● **Work task**
Please retype the data below line for line and leave out every picture.

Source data
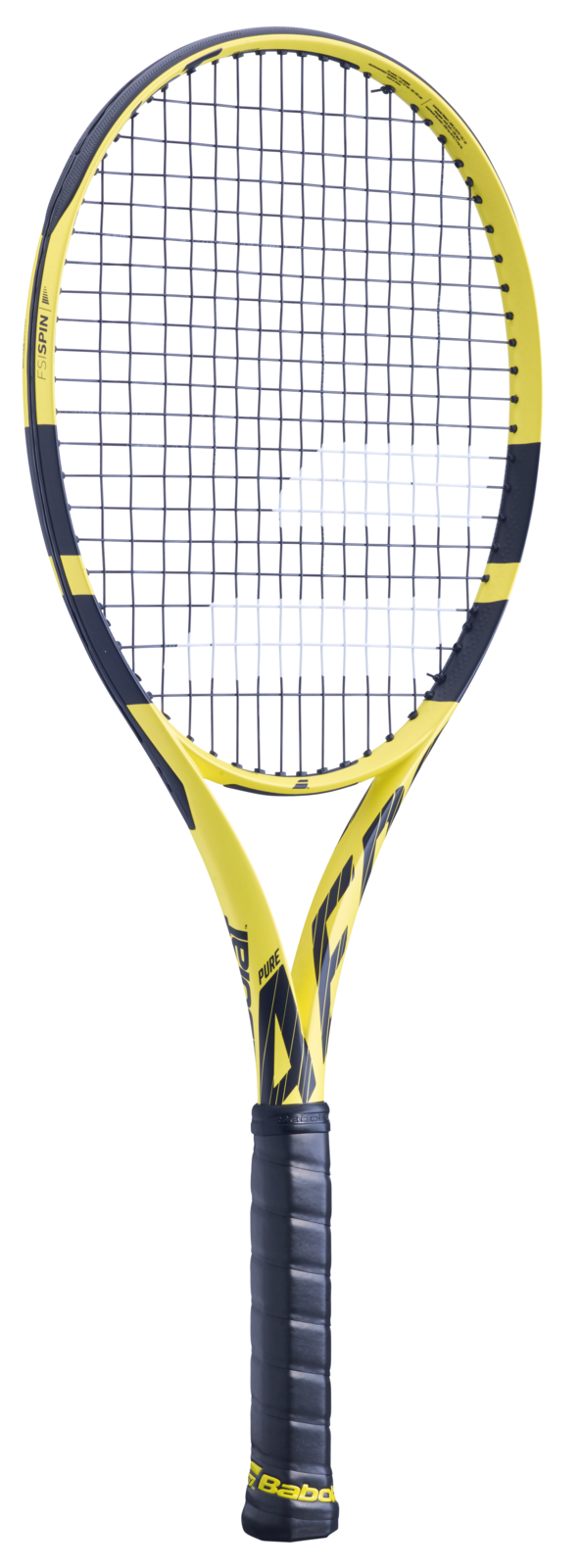 Babolat pure aero online 285g 2019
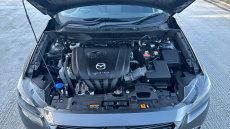 Mazda CX-3 2.0 Sport Nav + 5dr Petrol Hatchback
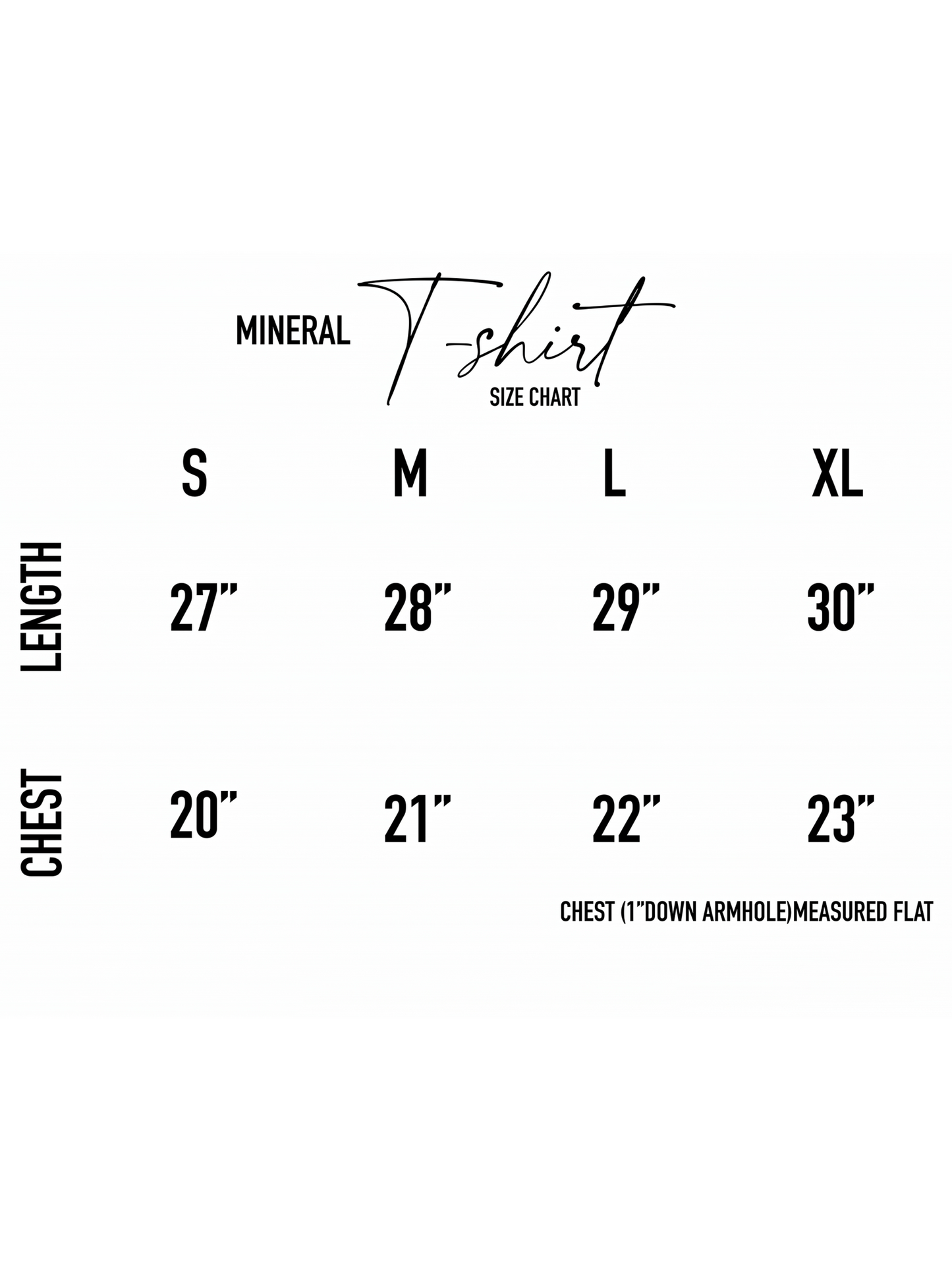Fresh Flower Market Mineral Washed Graphic T-Shirt (Cardinal color) - by OAT COLLECTIVE®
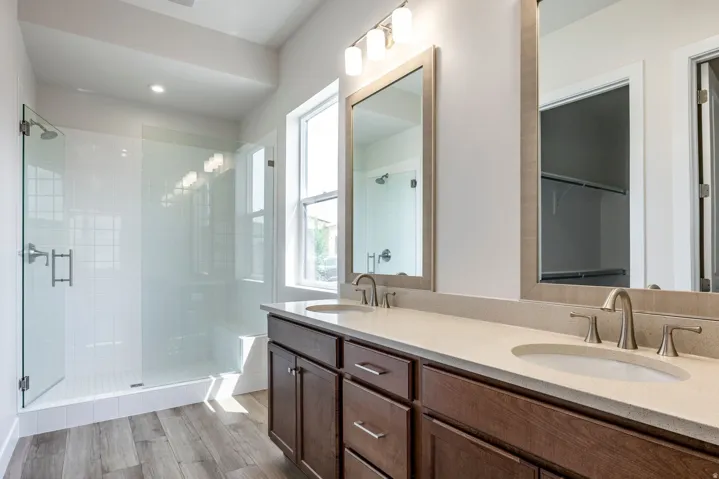 2731 N Salvia Dr #2010, Saratoga Springs, Utah 84045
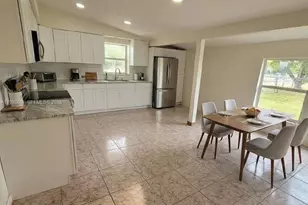 26925 SW 145th Ave, Homestead, FL 33032 - Photo 16
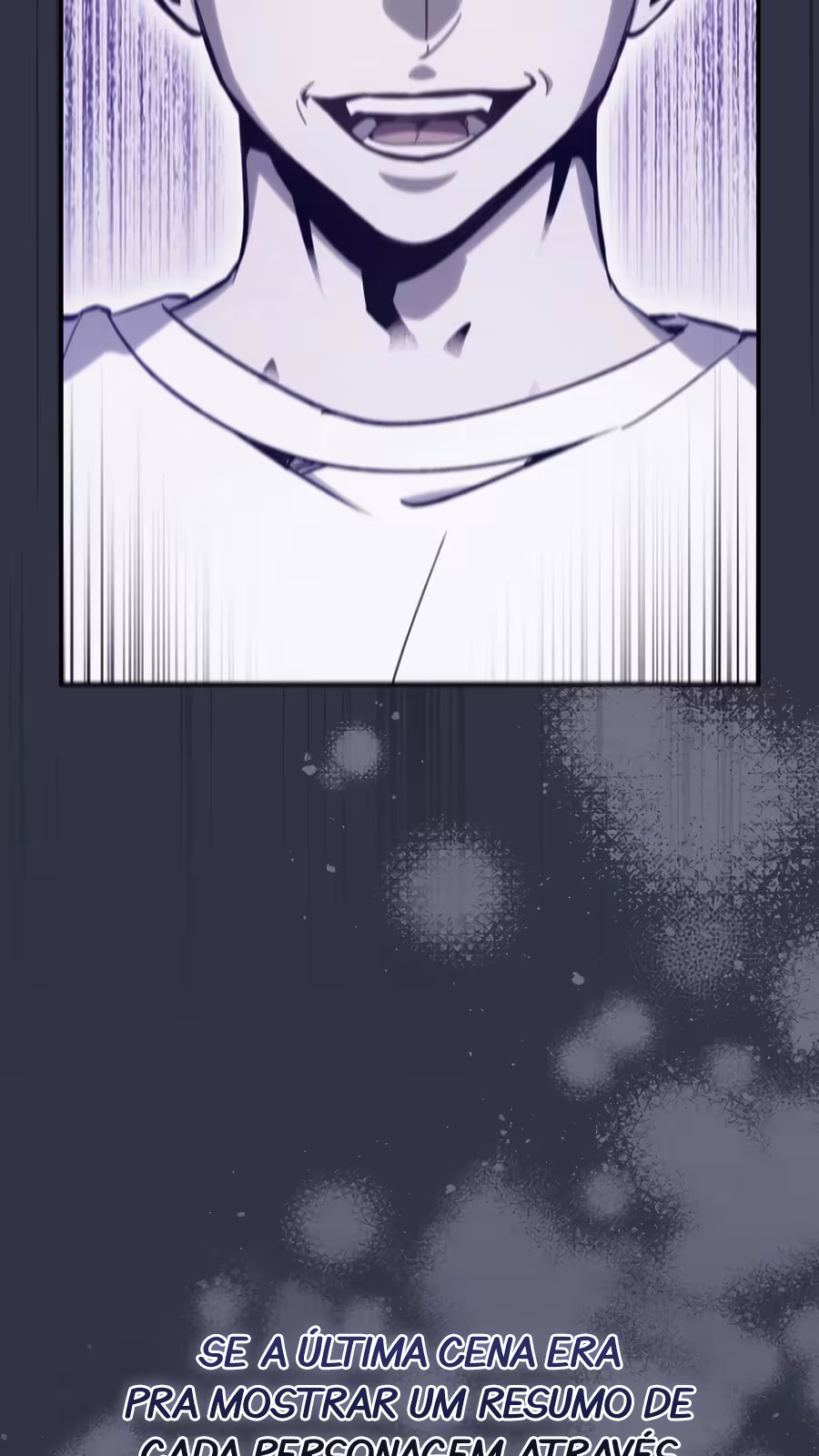 Página do Capítulo 26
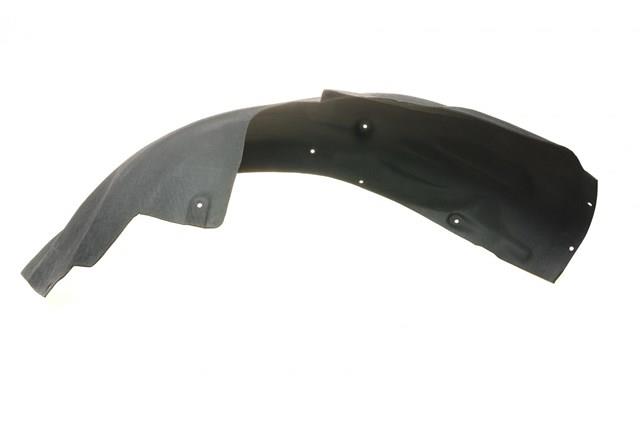 Підкрилок заднього крила, лівий Autotechteile 7015196 ціна, від 19.00 USD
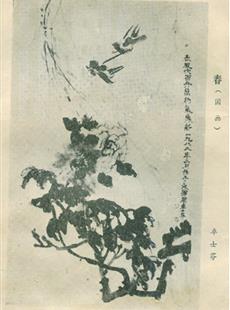 Y-03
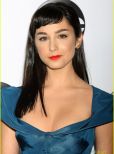 Molly Ephraim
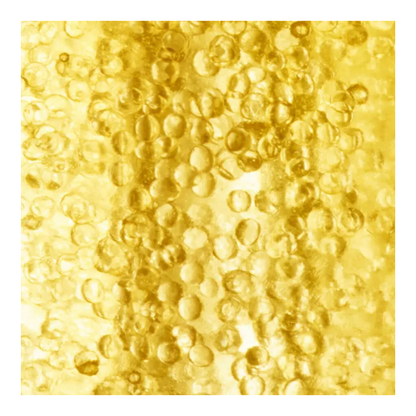 Super Serum [10] The Universal Age-Defying Eye Concentrate - 15ml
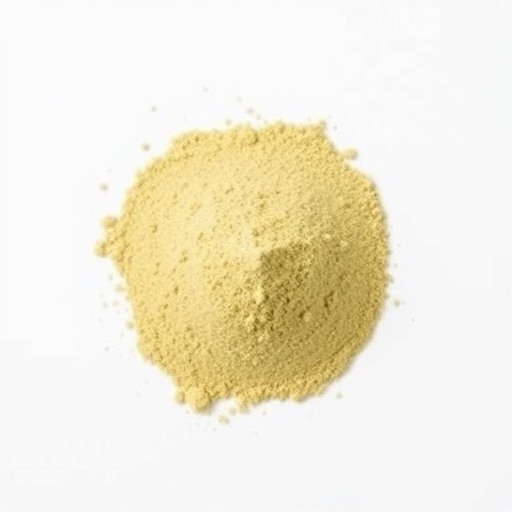 Moringa Leaf Powder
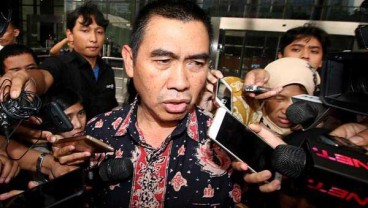 Wali Kota Malang dan 18 Anggota DPRD Lakukan Korupsi Massal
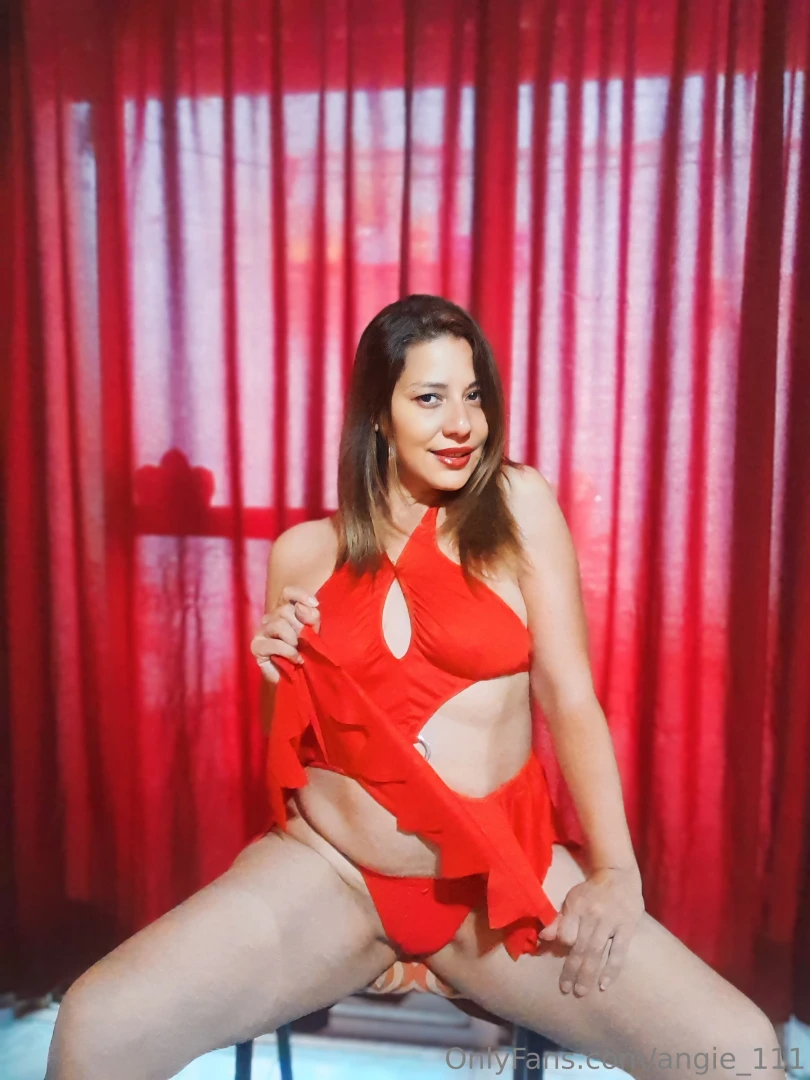 I have very hot content for you write me to dm 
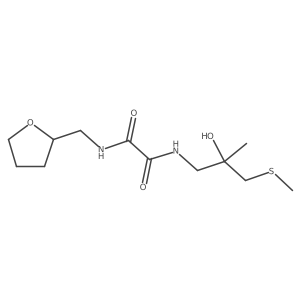 1396812-38-6 structure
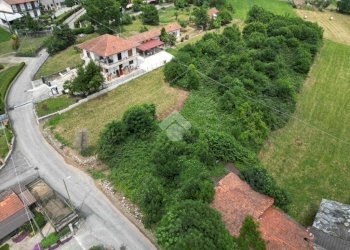 Rustico Via Parrocchia, Rifreddo - foto 14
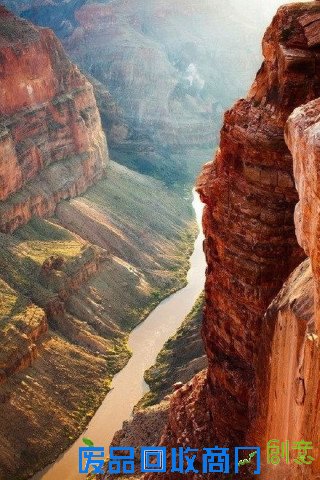 美图摄影：美呆了！人生必去50个地方, 你想去幺人民快报网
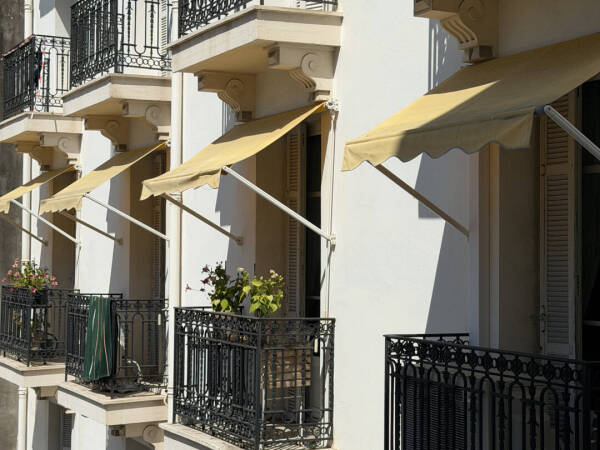 Appartement  - 4 pièces  - 136.0 m² -  1 155 000 € - À vendre 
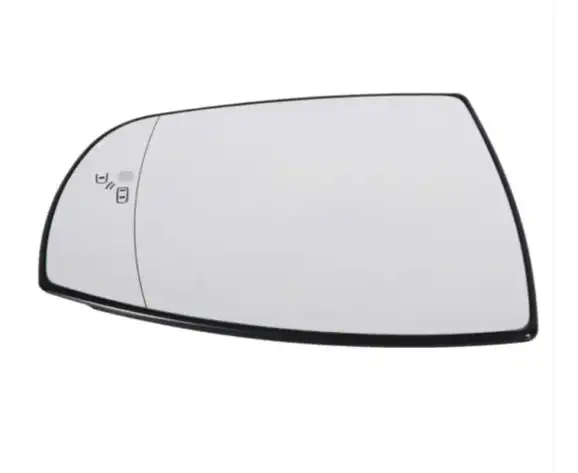 Κρύσταλλο Καθρέφτη FORD …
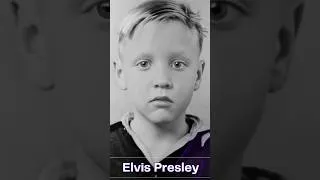 Thumbnail: Elvis Presley - The Wonder of You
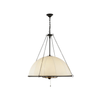Crosby XL Pendant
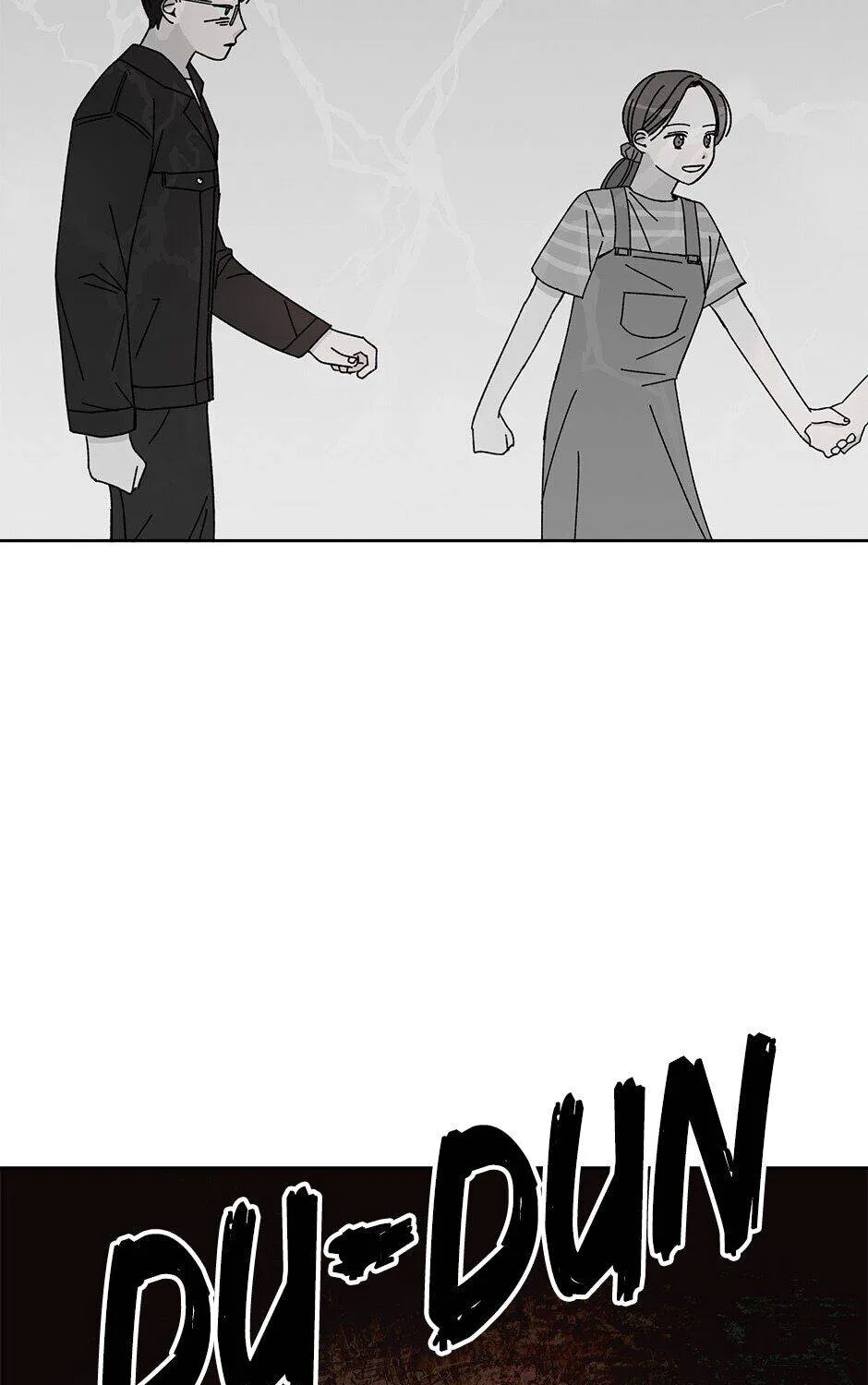 What Are We Chapter 60 Page 77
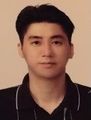 2019년 7월 29일 (월) 20:54 판의 섬네일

● **Your response**
 Babolat pure aero online 285g 2019
 Mazda CX-3 2.0 Sport Nav + 5dr Petrol Hatchback
Fresh Flower Market Mineral Washed Graphic T-Shirt (Cardinal color) - by OAT COLLECTIVE®
 2731 N Salvia Dr #2010, Saratoga Springs, Utah 84045
 26925 SW 145th Ave, Homestead, FL 33032 - Photo 16
 Página do Capítulo 26
 Підкрилок заднього крила, лівий Autotechteile 7015196 ціна, від 19.00 USD
 Y-03
 Molly Ephraim
 Super Serum [10] The Universal Age-Defying Eye Concentrate - 15ml
 Moringa Leaf Powder
 Wali Kota Malang dan 18 Anggota DPRD Lakukan Korupsi Massal
 I have very hot content for you write me to dm 
 1396812-38-6 structure
 Rustico Via Parrocchia, Rifreddo - foto 14
 美图摄影：美呆了！人生必去50个地方, 你想去幺人民快报网
 Appartement  - 4 pièces  - 136.0 m² -  1 155 000 € - À vendre 
 Κρύσταλλο Καθρέφτη FORD …
 Thumbnail: Elvis Presley - The Wonder of You
Crosby XL Pendant
 What Are We Chapter 60 Page 77
 2019년 7월 29일 (월) 20:54 판의 섬네일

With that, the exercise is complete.